Barry Eisler is back, and then some. LIVIA LONE, its somewhat uninspiring title notwithstanding, may be the best and strongest work of his storied career. It’s a book that is nearly impossible to put down, given that it features the protagonist of the year and some sinus-clearing descriptive prose that will be described as “over-the-top” in some quarters and “rough but necessary” in others. We’ll discuss that at further length shortly.
First, let’s talk about LIVIA LONE. The novel is divided roughly equally between “Then” and “Now,” with the shifts in time occurring at very irregular intervals. Livia Lone is very much in the “Now.” When we meet her, she is a Seattle PD sex-crimes detective; when she is off duty, she is very, very much on the job. Livia treads the line between law enforcement and vigilante, and as we learn what transpired in the “Then,” it becomes hard to fault her.
"It’s a book that is nearly impossible to put down, given that it features the protagonist of the year and some sinus-clearing descriptive prose that will be described as 'over-the-top' in some quarters and 'rough but necessary' in others."
“Then” begins in rural Thailand. Livia, who was a 13-year-old named Lahee, and her 11-year-old sister Nason lived in abject poverty with her parents and older brother. Lahee had taken it upon herself to raise her younger sister, going hungry herself so that Nason could get something to eat. As bad as their life was, it became far, far worse when their parents sold them to strangers who ripped them abruptly from their childhood home. The girls were placed in shipping containers with some other unfortunates, and the nightmare began in earnest when they were ultimately separated. Lahee was eventually discovered in Portland, Oregon, and was adopted into the Lone family. While her material needs were met, her waking and sleeping hours were the stuff of nightmares. Her only goal, though, was to find her younger sister.
As “Then” slowly unfolds in the narrative, revealing how the frightened 13-year-old became the extremely driven young woman of the title, Livia in the “Now” begins to engineer a sting operation ostensibly aimed at bringing down a drug dealer. Her hidden agenda is to get her one last best chance of hunting down the person who separated her from Nason and, hopefully, to determine what happened to her. It is a terrible path, fraught with danger, and will lead Livia to a place where she had hoped never to return and from which she may not come back.

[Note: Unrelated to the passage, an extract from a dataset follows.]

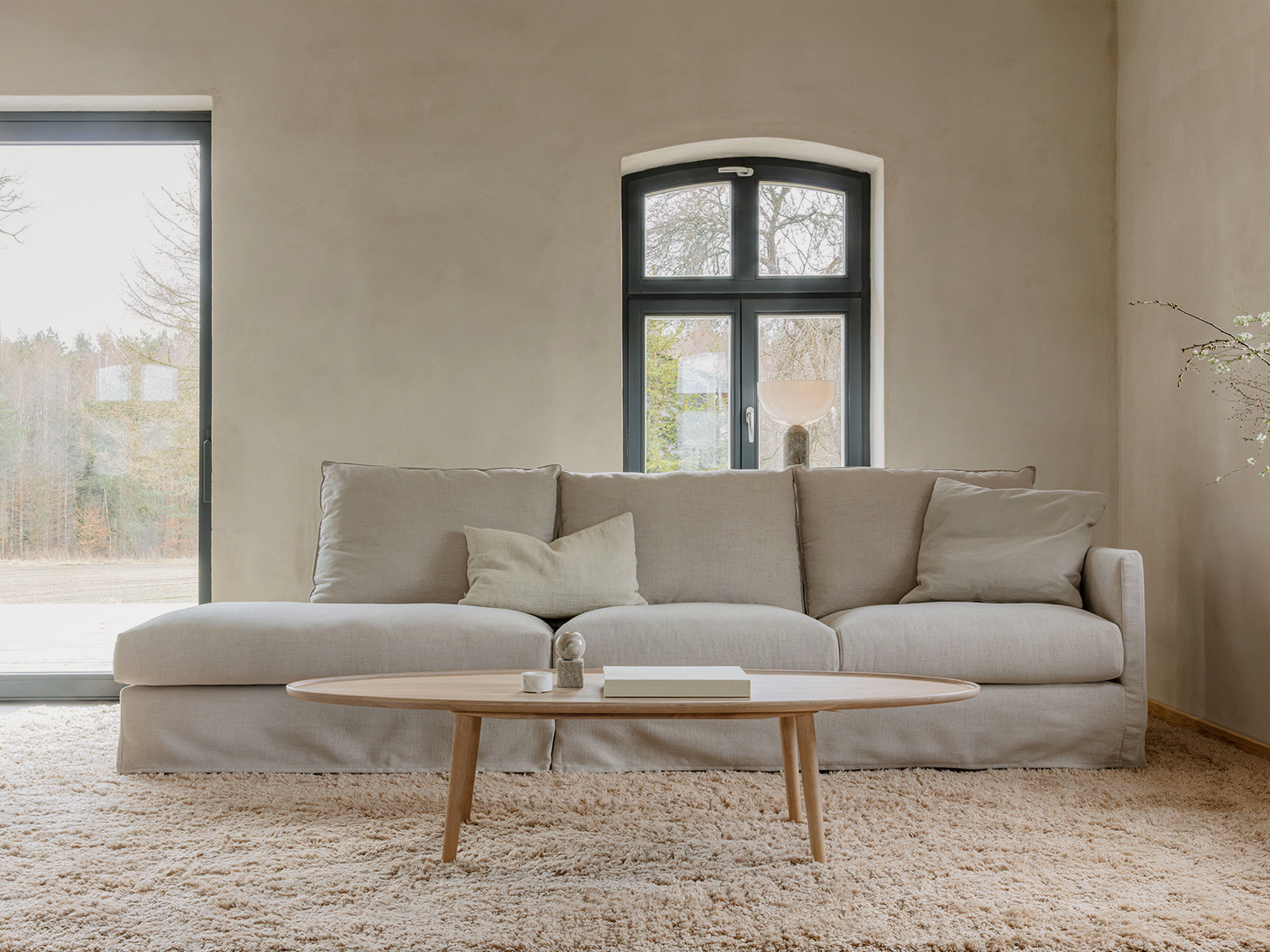 acheter Canapé 4 places tissu uni beige SEVRES - 301x103x94/47cm - FRANCE CANAPÉ ®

LIVIA LONE moves like a freight train, and it’s one that you shouldn’t attempt to board without fair warning. There is a discussion among authors and readers about how much is “too much” where graphic descriptions are concerned, and I would submit to you that Eisler treads the line here. The book deals with human trafficking, and he does not flinch when describing what is done to children, to the point where one might question whether or not he crosses the line. I think he does, but it’s a line that in this case has to be crossed.
We are familiar with the terms “human trafficking” and “sex trafficking.” To paraphrase Werner Heisenberg, the use of children in such matters is not just worse than we imagine; it is worse than we can imagine. Eisler rubs the reader’s nose in it, and if that is what it takes to raise outrage over this situation to a proper level, then more power to him. Just don’t say you weren’t warned. Eisler does not hint around the subject, nor does he flinch from the violence that his avenging angel visits upon those who cross her path.
Jump on what appears to be the start of a terrific new series. Just be mindful of the subject matter.